Family

Sun has returned and Angie at home. Well physically at least. She spent most of the morning sorting out her mother and father. They both have the same GP and Angie had to talk through both cases with him. Luckily he has said he will drive out to check out father in the care home and deliver the prescriptions for the physiotherapist and hopefully will read the riot act both to the owner of the home but also and more importantly to Sepp telling him he must grit his teeth and get through the next couple of weeks before the rehab starts.

I did little else but finally make the mango chutney. The original recipe called for 8 mangoes but my bank manager had only authorised two.

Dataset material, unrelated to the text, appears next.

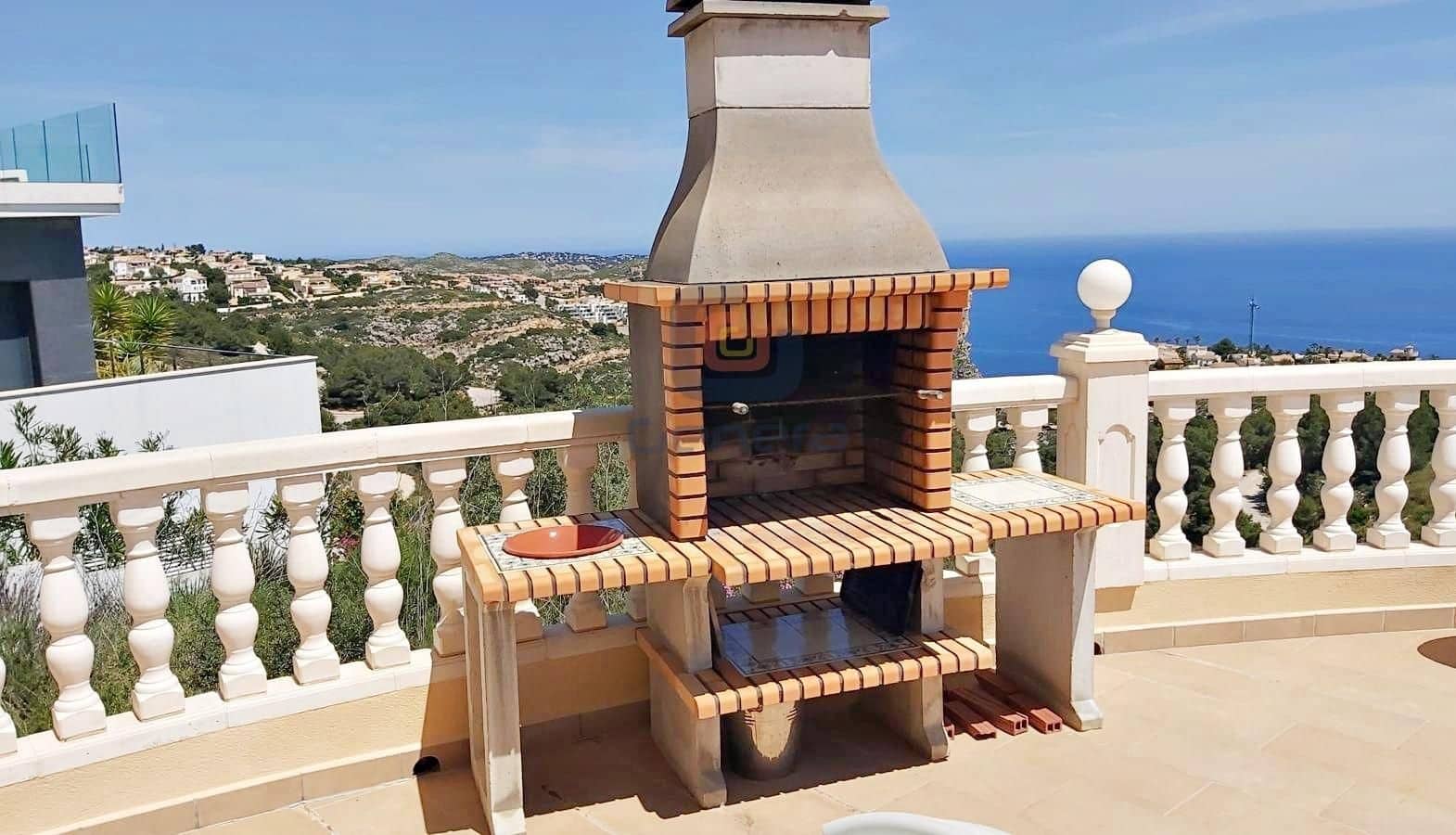 Chalet de 5 habitaciones en Benitachell / Benitatxell en venta con piscina garaje - 725.000 € (Ref: 8994305)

Somehow I didn't quite adjust the other ingredients to match. I can now eat a curry that consists of nothing else but rice and the mango chutney. Boy can ginger clear the airways!

Apart from a very late evening walk where I tried taking the only photos of the day and which were too faint to use today, I spent time connected to my family. Goodness can the internet and modern technology be wonderful.

Son J in USA doing a tour from Seattle to San Diego with his UK mate. They have done Washington State, today finished Oregon where the top photo was taken - Crater Lake. Very high up in the mountains and 3°C at 10:30 am. By evening they entered California and 32°C at 4:00 pm.

So watch out San Francisco. The guys are about to cross the bridge and make your city unsafe. Lock up your daughters and shut down your bars.

And meanwhile back in good old Europe...yes....Republic of Ireland: the grandchildren showed off their latest Hogwarts University gear. Daughter Kate phoned in the evening and I heard grandson Elliot in the background say he couldn't see a thing through the specs!

Although I'm not too sure I would have liked my parents to have had such "control" over me in my late teen years, there would have been times when such easy, almost real-time contact would have been great.

When I think back to the times as an 8-year-old when I could go for 10 months without hearing my parents voices or seeing their faces. Phoning from the UK to Trinidad was no doubt possible with a lot of effort but unaffordable. Letters were the only practical contact and the highlight of contact was getting a telegram which possibly happened once every few years - I was always at home on my birthday and I can only think a telegram would have announced some last minute change in plans for me to spend holidays with a relation.